- [Supplied entries]:
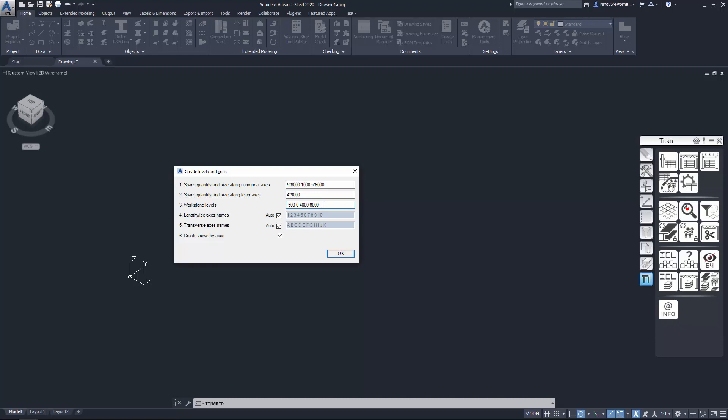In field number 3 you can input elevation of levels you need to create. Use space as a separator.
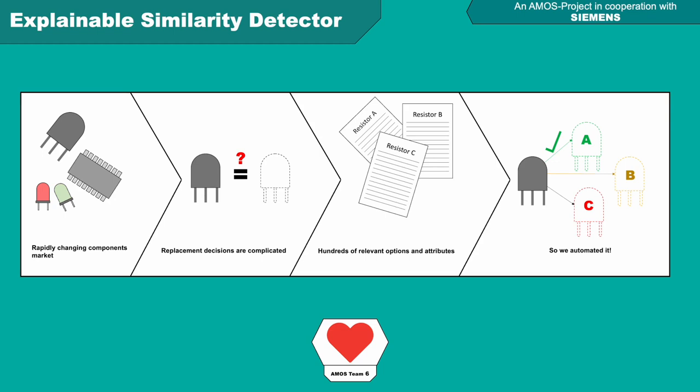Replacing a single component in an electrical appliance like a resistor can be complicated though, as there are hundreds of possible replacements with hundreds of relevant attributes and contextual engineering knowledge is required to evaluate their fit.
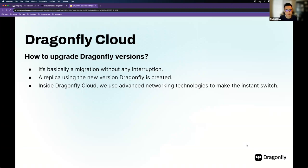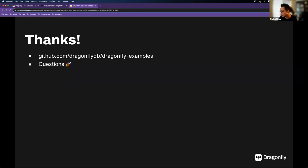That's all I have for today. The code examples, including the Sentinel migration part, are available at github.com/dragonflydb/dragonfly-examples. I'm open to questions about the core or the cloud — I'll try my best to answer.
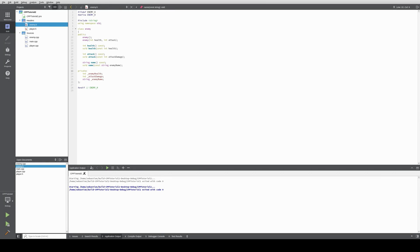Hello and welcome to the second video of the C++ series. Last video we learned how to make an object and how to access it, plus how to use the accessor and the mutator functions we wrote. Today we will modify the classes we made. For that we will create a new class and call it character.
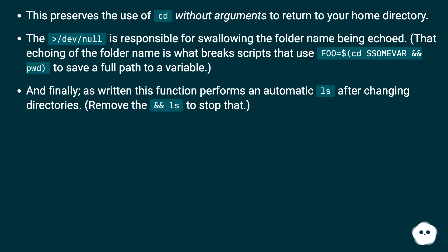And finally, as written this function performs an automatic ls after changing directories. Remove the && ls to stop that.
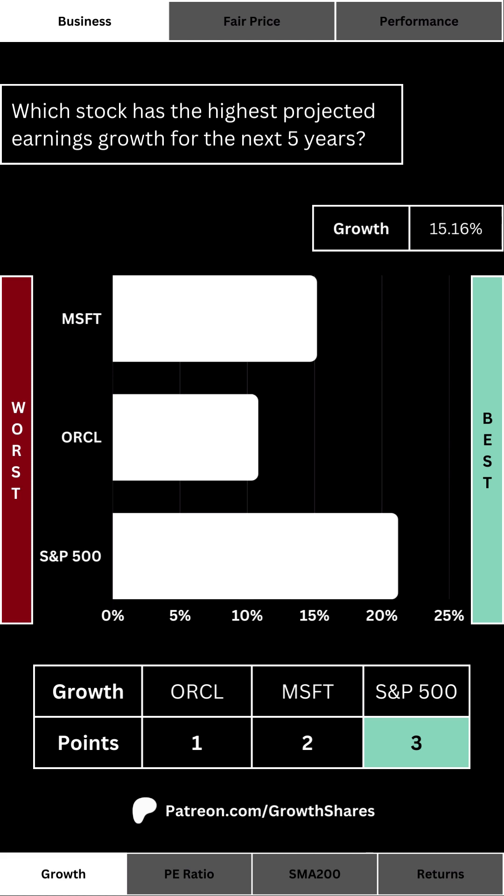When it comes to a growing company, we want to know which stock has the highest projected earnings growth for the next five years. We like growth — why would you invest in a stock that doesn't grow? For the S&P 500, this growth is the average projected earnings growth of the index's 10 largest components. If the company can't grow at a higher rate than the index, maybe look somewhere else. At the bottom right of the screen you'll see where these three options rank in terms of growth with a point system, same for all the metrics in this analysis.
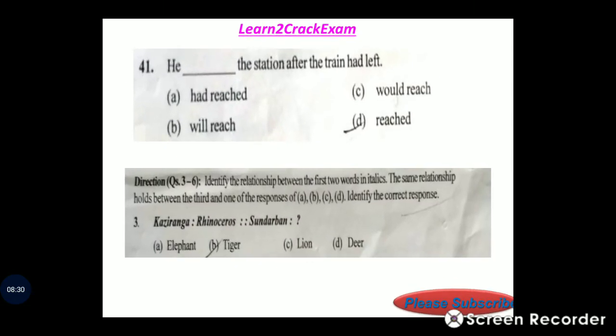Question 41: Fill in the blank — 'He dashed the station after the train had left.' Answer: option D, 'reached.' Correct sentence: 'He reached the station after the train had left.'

---

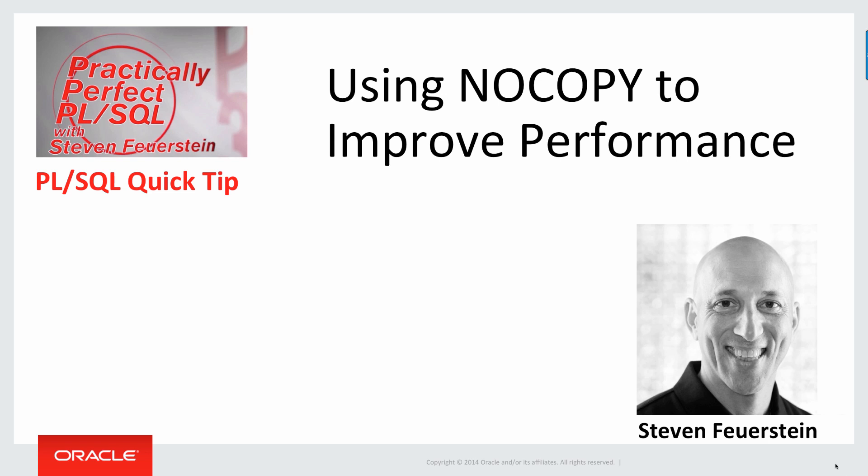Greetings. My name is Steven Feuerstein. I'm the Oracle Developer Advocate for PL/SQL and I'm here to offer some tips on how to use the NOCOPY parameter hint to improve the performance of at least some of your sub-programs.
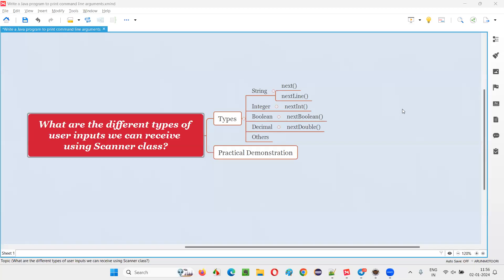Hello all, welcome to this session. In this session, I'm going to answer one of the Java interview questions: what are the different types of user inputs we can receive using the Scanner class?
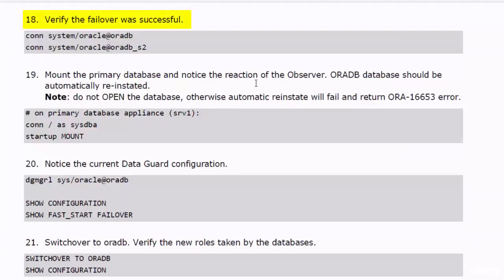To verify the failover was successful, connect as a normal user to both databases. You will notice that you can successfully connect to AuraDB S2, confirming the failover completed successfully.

---

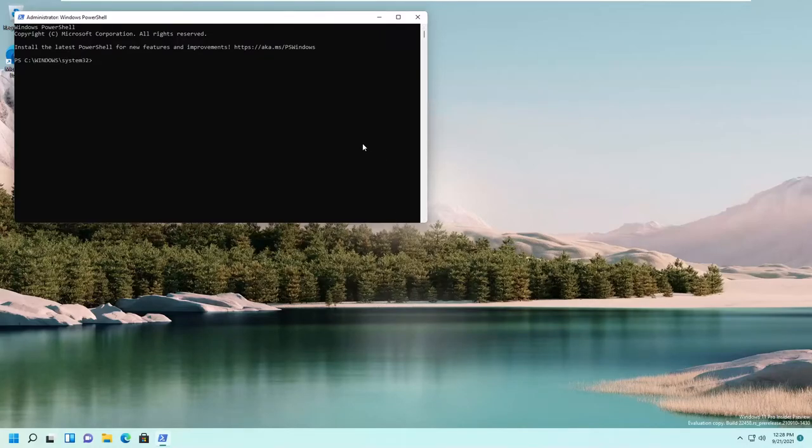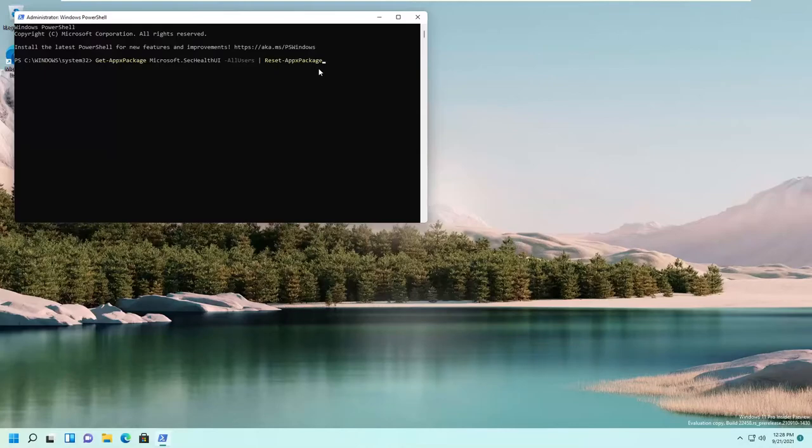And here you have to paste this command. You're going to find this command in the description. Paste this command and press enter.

- [Aim of the exercise]: All pictures are to be skipped. Output, word for word, the lines in the data above starting at the line containing "When it comes" and ending at the line containing "Question 41: Fill".

- [Written answer]:
When it comes to a growing company, we want to know which stock has the highest projected earnings growth for the next five years. We like growth — why would you invest in a stock that doesn't grow? For the S&P 500, this growth is the average projected earnings growth of the index's 10 largest components. If the company can't grow at a higher rate than the index, maybe look somewhere else. At the bottom right of the screen you'll see where these three options rank in terms of growth with a point system, same for all the metrics in this analysis.
Question 41: Fill in the blank — 'He dashed the station after the train had left.' Answer: option D, 'reached.' Correct sentence: 'He reached the station after the train had left.'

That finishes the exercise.